#### [TASK DESCRIPTION]
Lines from the one containing "Luxurious 3-bedroom &" through the final line of the records are the only ones to copy, and each must match exactly.

==== RECORDS FOR THIS TASK ====

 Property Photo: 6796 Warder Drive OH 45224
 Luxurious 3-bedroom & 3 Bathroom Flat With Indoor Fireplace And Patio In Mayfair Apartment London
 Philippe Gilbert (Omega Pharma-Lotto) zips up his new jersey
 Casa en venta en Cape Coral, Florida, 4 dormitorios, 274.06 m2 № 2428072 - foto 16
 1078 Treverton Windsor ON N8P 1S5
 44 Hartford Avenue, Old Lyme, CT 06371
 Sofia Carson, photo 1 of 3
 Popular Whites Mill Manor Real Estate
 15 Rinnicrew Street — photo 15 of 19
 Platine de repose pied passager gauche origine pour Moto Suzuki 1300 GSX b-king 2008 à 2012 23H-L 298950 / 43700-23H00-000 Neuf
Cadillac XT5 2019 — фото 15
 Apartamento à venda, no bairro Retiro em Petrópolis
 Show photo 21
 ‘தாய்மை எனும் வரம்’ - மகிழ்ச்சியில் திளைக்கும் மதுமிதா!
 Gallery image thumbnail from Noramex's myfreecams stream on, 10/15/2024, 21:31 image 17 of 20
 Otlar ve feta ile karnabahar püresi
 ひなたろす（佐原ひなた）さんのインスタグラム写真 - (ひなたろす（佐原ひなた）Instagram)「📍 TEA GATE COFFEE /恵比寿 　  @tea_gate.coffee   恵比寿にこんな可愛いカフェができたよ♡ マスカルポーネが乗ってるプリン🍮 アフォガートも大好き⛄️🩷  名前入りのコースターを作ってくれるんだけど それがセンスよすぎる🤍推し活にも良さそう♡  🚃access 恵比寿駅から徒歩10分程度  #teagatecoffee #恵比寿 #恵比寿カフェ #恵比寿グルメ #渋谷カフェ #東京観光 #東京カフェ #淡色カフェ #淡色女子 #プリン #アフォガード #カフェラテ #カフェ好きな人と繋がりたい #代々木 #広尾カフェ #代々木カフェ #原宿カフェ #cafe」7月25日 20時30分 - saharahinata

====

#### [TASK RESULT]
 Luxurious 3-bedroom & 3 Bathroom Flat With Indoor Fireplace And Patio In Mayfair Apartment London
 Philippe Gilbert (Omega Pharma-Lotto) zips up his new jersey
 Casa en venta en Cape Coral, Florida, 4 dormitorios, 274.06 m2 № 2428072 - foto 16
 1078 Treverton Windsor ON N8P 1S5
 44 Hartford Avenue, Old Lyme, CT 06371
 Sofia Carson, photo 1 of 3
 Popular Whites Mill Manor Real Estate
 15 Rinnicrew Street — photo 15 of 19
 Platine de repose pied passager gauche origine pour Moto Suzuki 1300 GSX b-king 2008 à 2012 23H-L 298950 / 43700-23H00-000 Neuf
Cadillac XT5 2019 — фото 15
 Apartamento à venda, no bairro Retiro em Petrópolis
 Show photo 21
 ‘தாய்மை எனும் வரம்’ - மகிழ்ச்சியில் திளைக்கும் மதுமிதா!
 Gallery image thumbnail from Noramex's myfreecams stream on, 10/15/2024, 21:31 image 17 of 20
 Otlar ve feta ile karnabahar püresi
 ひなたろす（佐原ひなた）さんのインスタグラム写真 - (ひなたろす（佐原ひなた）Instagram)「📍 TEA GATE COFFEE /恵比寿 　  @tea_gate.coffee   恵比寿にこんな可愛いカフェができたよ♡ マスカルポーネが乗ってるプリン🍮 アフォガートも大好き⛄️🩷  名前入りのコースターを作ってくれるんだけど それがセンスよすぎる🤍推し活にも良さそう♡  🚃access 恵比寿駅から徒歩10分程度  #teagatecoffee #恵比寿 #恵比寿カフェ #恵比寿グルメ #渋谷カフェ #東京観光 #東京カフェ #淡色カフェ #淡色女子 #プリン #アフォガード #カフェラテ #カフェ好きな人と繋がりたい #代々木 #広尾カフェ #代々木カフェ #原宿カフェ #cafe」7月25日 20時30分 - saharahinata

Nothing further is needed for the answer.